The monk’s home is a double-wide trailer and the worship space at Wat Lao Sayaphoum is in a transformed carport.
The altar at Wat Lao Sayaphoum is resplendent with a large central Buddha donated by the Phapphayboun family and countless other items given by the community.
Monks chant during the evening ceremony at a gilded, highly ornamented temple in Laos. This is the magical, sacred space referenced at Wat Lao Sayaphoum. (Luang Prabang, Laos)
Morganton’s resident monk, Somchit Sengdavone (left) with an elder visiting monk, the Venerable Jhiteeyanao.
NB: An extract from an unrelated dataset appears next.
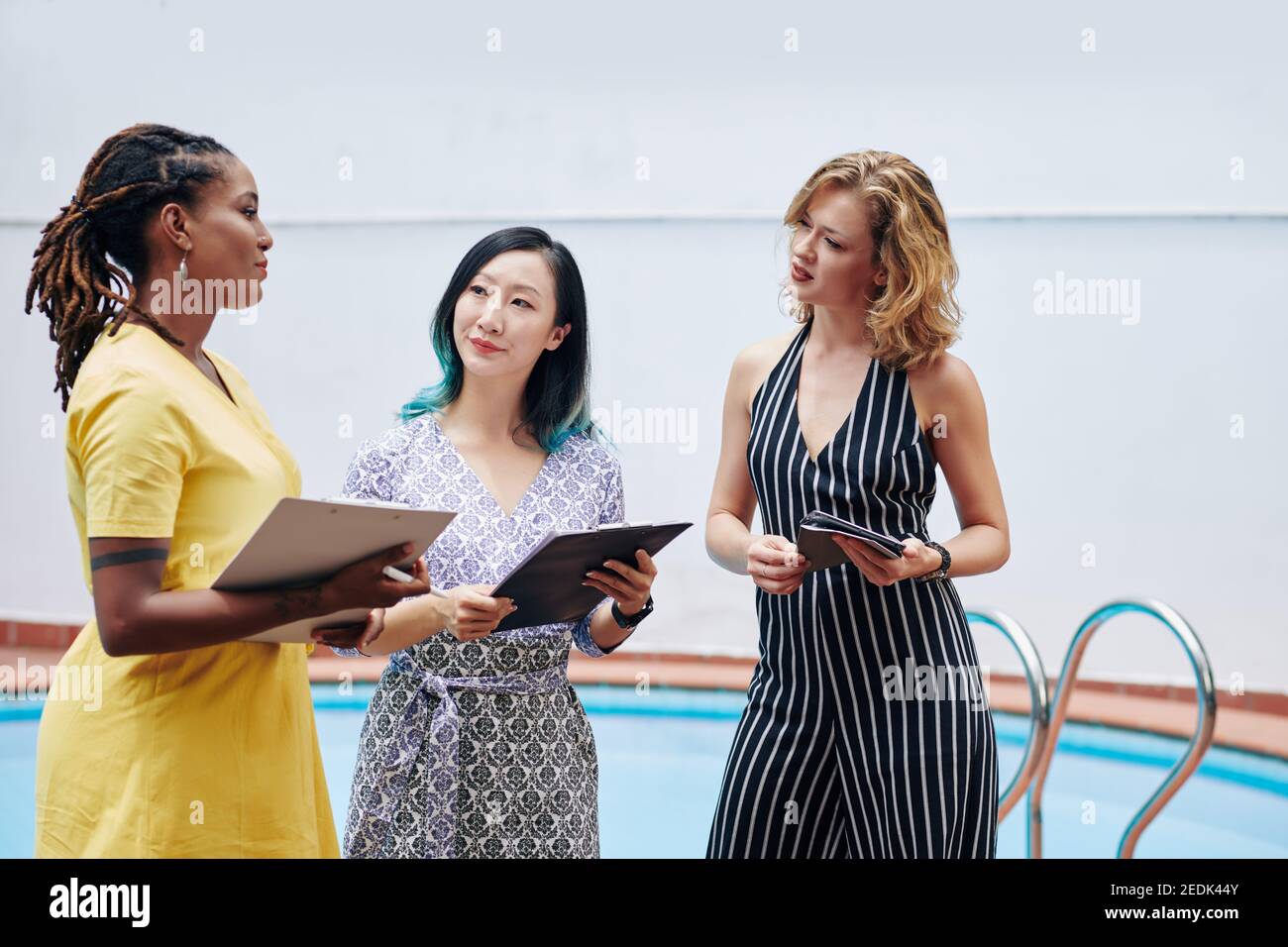 Talking female colleagues Stock Photo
Morganton’s resident monk, Somchit Sengdavone, blesses worshipers by sprinkling water during the Pi Mai ceremony.
Women prepare an offering bowl with money and treats before a temple ceremony.
Without fresh banana leaves or marigolds, offerings at Wat Lao Sayaphoum are often plastic versions from Laos or Thailand—or improvised with American holiday decorations.
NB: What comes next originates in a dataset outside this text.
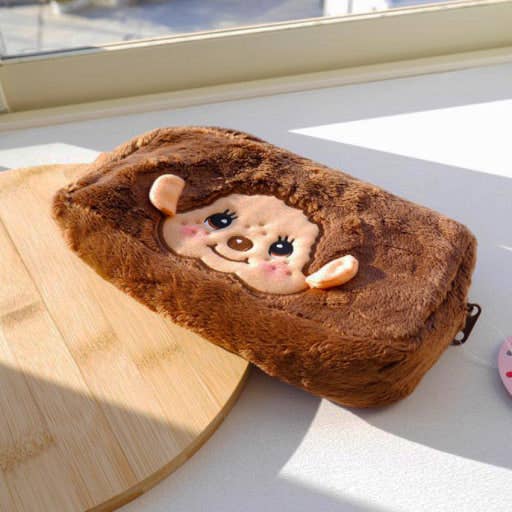 Official Sekiguchi Monchhichi Square Plush Pouch by K-Wonderland featuring a soft spacious character design, often searched as a Monchichi organizer.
Chilies for sale at the Hickory, NC, flea market. Peppers, sticky rice, and other Asian vegetables are farmed by Hmong in the surrounding region.
Daraphone Phrakousonh, owner of Asian Fusion Kitchen, donates pho to the Morganton temple to sell and fundraise at large festivals.
The Phapphayboun celebrate Vietnamese New Year (Têt) to honor Noubath’s father. The centerpiece of the family table is always a whole barbecue pig.
Sticky rice is a staple in Lao cuisine. This short grain is soaked, steamed without water, and served in thip khao baskets.
Toon Phapphayboun’s mother, Noubath, presses leftover sticky rice into patties to dry in the NC sun and fry into crunchy crackers.